Work request – What lines in the material hold the string "color"? Return every one of them.

Provided material –
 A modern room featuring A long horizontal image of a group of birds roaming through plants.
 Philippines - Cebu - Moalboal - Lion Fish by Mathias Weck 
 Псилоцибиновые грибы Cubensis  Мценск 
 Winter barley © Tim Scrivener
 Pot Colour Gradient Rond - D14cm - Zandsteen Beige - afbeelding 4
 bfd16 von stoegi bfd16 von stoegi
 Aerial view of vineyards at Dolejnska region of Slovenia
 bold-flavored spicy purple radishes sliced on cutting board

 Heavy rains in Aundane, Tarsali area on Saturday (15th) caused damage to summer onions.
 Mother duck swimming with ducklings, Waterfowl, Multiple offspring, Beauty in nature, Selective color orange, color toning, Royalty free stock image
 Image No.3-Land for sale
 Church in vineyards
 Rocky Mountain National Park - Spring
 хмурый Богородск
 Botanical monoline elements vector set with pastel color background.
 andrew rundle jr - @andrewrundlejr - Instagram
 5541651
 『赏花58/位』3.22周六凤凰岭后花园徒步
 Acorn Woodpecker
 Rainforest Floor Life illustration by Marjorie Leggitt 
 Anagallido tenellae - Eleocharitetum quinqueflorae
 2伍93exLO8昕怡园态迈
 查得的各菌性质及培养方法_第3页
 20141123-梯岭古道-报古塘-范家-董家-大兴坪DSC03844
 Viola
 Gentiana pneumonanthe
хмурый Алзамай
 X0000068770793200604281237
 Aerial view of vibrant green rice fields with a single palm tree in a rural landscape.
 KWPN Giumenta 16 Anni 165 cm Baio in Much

Result of the task –
 Mother duck swimming with ducklings, Waterfowl, Multiple offspring, Beauty in nature, Selective color orange, color toning, Royalty free stock image
 Botanical monoline elements vector set with pastel color background.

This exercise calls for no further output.